Elle sourit. « Il faut croire. Tu as entendu tout ce qu’il a dit là-haut ? »
Chris secoua la tête.
« Il a dit qu’il ne rendrait pas Tess.
— Tu crois qu’il parlait sérieusement ? demanda-t-il.
— En temps ordinaire, je répondrais non. Mais en temps ordinaire, il n’oserait pas me menacer de la sorte. Il ne viendrait pas ici. Dans le monde réel, Ray respecte assez bien les limites légales. Ne serait-ce que pour éviter de se rendre vulnérable. Là-haut, il parlait comme quelqu’un qui n’a rien à perdre. Il parlait de la quarantaine. Il disait qu’on pourrait tous être morts dans une semaine.
— Tu crois qu’il sait quelque chose ?
— Soit il sait quelque chose, soit il veut que je le croie. Tout ce que je peux dire est qu’il ne ferait pas le malin avec notre accord sur la garde de Tessa s’il pensait que je pourrais disposer d’un recours légal. Je veux dire, que je pourrais en disposer un jour ou l’autre. »
Chris y réfléchit un long moment en silence. La bouilloire siffla. Marguerite se concentra sur la préparation du thé, rituel apaisant, deux sachets, une cuillerée de lait dans sa tasse, rien dans celle de Chris.
« J’imagine que je ne me suis jamais autorisée à y penser, dit-elle. Je veux croire qu’un jour prochain, ils rouvriront les portes et restaureront les canaux de données, et que quelqu’un en uniforme nous présentera à tous ses excuses en nous remerciant pour notre patience et en nous suppliant de ne pas intenter de procès. Mais cela pourrait se terminer d’une autre manière, j’imagine. » D’une manière mortelle. Et bien entendu, n’importe quand. « Pourquoi nous feraient-ils ça, Chris ? Il n’y a rien de dangereux, ici. Rien n’a changé depuis la veille du blocus. De quoi ont-ils peur ? »
Il eut un sourire pincé.
« La blague.
— Quelle blague ?
— Un vieux numéro – j’ai oublié où je l’ai vu. Ça se passe pendant la Deuxième Guerre mondiale, les Britanniques ont trouvé l’arme ultime. Une blague si marrante que tu meurs de rire en l’entendant. La blague est traduite mot à mot en allemand phonétique. Les soldats sur le front la crient avec des porte-voix, et les troupes nazies tombent raides mortes dans les tranchées.
— D’accord… Et ?
— C’est le premier virus informationnel. Une idée ou une image capable de rendre quelqu’un fou. Peut-être est-ce de cela dont le monde a peur.
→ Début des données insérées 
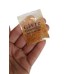 BRILLO COMESTIBLE X 1 G DORADO - GIBRE COMESTIBLE - BRILLANTINA COMESTIBLE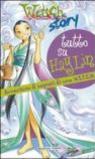 Tutto su Hay Lin. Avventure e segreti di una Witch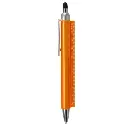 1512-Pedant-ORANGE.webp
— C’est une idée stupide, et elle a été écartée il y a dix ans au cours des auditions sénatoriales.
— Mais suppose que ça se soit produit à Crossbank, ou qu’il se soit produit à Crossbank quelque chose qui y ressemble.
— Crossbank ne regarde pas la même planète. Et en supposant qu’ils aient trouvé quelque chose de potentiellement dangereux, en quoi cela devrait-il nous affecter ?
— En rien, sauf si le problème s’est produit dans les O/BEC. C’est la seule chose que nous ayons vraiment en commun avec Crossbank : le matériel.
— D’accord, mais ça reste ridiculement conjectural. On n’a pas la moindre preuve qu’il se soit produit un problème à Crossbank. »
Marguerite avait oublié le morceau de page de magazine volé à la clinique par Chris. Il le sortit de la poche de sa veste et le posa sur la table de la cuisine.
« On en a une, maintenant », dit-il.